Wednesday, 26 June 2013

Pembrokeshire -Part 2 - Seabirds and Waders

Aghh, it wouldnt be the yearly holiday within the whole week being forcasted as rain and wind, so, with the only day that was judged to be a decent day being the day after we arrived, we decided to head out and do our yearly 'mop up' of the Pembrokeshire specialties.

In fact, we had done the exact same route last year, starting at Strumble Head, before dropping into Fishguard Harbour, then shoot across county to the Marloes/ The Gann area.

Even before reaching our first destination, we saw a RED KITE fly low over the road just outside Goodwick, always a good start!
Arriving up on Strumble in glorious sunshine was greeted with gratitude, and we parked up with the stunning view out across the Sea. With the famous lighthouse to the left, and the equally famous 'Seawatching shelter' to the right.

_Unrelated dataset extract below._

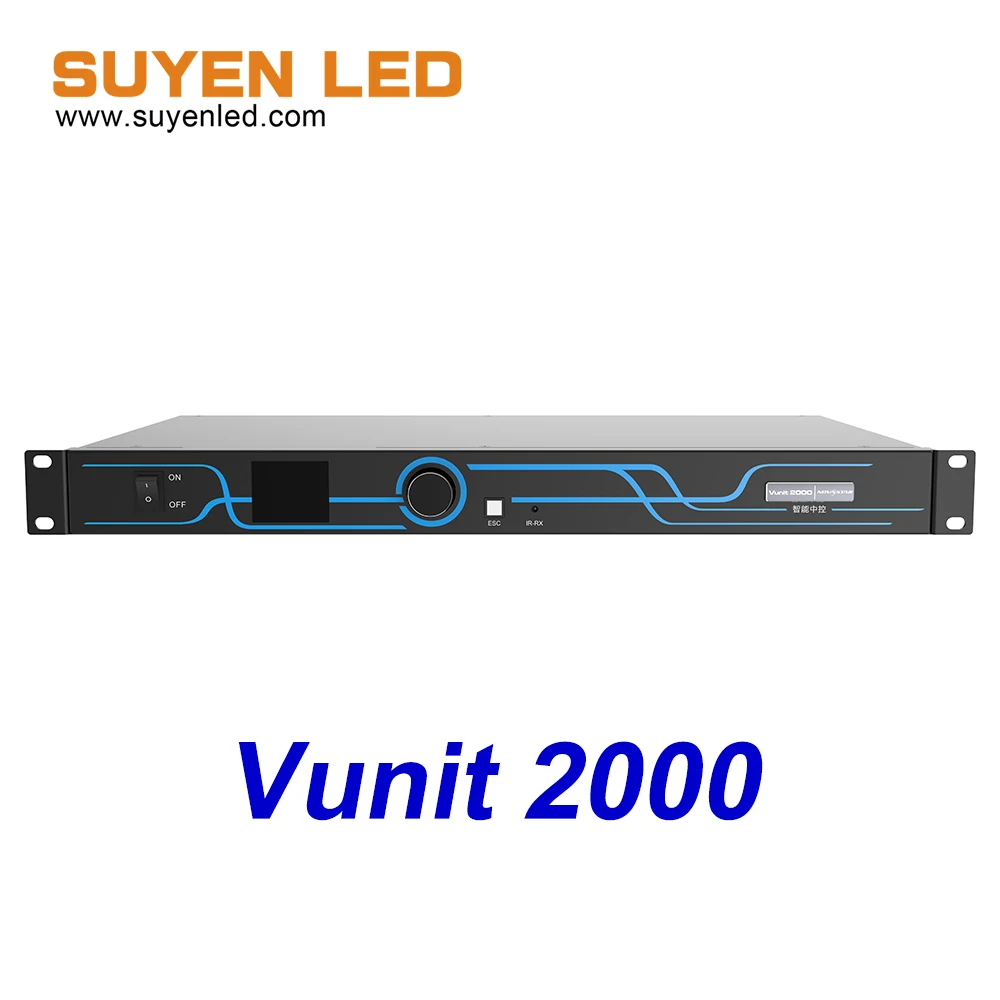 Vunit 2000 NovaStar LED 스크린 비디오 지능형 중앙 제어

As you would expect, our main objective was seabirds, and we were initially quite disappointed with the range present, with only Gannets and a few Kittiwake being the highlights. However, just prior to the passing of the Fishguard to Ireland ferry a large influx of Cetacean's offshore also brought a huge dose of new excitement! An estimated pod of 100 combined Common Bottle-nose Dolphins and Harbor Porpoise joined us, and that is always the precursor to seabirds!

And i was not wrong!

First we were joined by around 40 Kittiwake, as well as hundreds of other Large Gulls, and countless Gannets, with almost constant streams of Guillemot and Razorbill, and in quick pursuit was a single PUFFIN.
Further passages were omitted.